Boko Haram means "Western education is sinful" in the Hausa language that is spoken across northern Nigeria. The name reflects one of the main pillars of the sect's ideology. The group considers anybody who does not follow their strict ideology -- whether Muslim or Christian -- as an infidel.

The sect is sometimes called the "Nigerian Taliban" because it is loosely modeled after Afghanistan's Taliban -- using militant tactics to try to impose its own interpretation of Shari'a law across the country.

Most of Nigeria's Muslim leaders and believers dismiss Boko Haram's militant ideology as a perversion of Islam's peaceful teachings.

No conclusive evidence has been made public that links Boko Haram to Al-Qaeda or the Taliban in Afghanistan.

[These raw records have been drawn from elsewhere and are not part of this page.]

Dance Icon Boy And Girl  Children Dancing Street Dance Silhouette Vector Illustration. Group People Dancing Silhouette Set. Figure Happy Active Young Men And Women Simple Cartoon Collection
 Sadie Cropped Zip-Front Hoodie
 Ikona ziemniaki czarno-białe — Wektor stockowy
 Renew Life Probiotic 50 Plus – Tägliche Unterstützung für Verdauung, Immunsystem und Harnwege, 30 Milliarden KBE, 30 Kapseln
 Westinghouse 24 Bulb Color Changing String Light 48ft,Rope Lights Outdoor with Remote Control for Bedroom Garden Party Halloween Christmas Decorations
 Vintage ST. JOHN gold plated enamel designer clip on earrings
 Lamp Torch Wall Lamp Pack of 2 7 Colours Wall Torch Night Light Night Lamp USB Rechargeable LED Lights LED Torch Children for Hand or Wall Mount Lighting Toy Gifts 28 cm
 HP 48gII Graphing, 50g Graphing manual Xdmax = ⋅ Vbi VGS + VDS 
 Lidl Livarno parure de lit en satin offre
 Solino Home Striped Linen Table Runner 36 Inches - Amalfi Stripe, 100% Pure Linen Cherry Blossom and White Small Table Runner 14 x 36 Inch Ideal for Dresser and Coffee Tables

But Nnamdi K. Obasi, an analyst with the International Crisis Group, says a few Boko Haram followers had fought with Taliban forces in Afghanistan.

Yusuf himself was born in 1970. He had four wives and 12 children. He also had considerable private wealth and received a Western-style education.

His followers -- who come from diverse ethnic backgrounds in Nigeria's predominantly Muslim north -- say Yusuf also was educated in Iran.

Authorities say they fear Yusuf's death could provoke more violence in Nigeria in the future. Yusuf's followers in Boko Haram appear to be in disarray for now, but several hundred managed to escape -- some of them with weapons.

Nigerian Army officials say Yusuf's deputy, Bukar Shekau, also was killed in the clashes.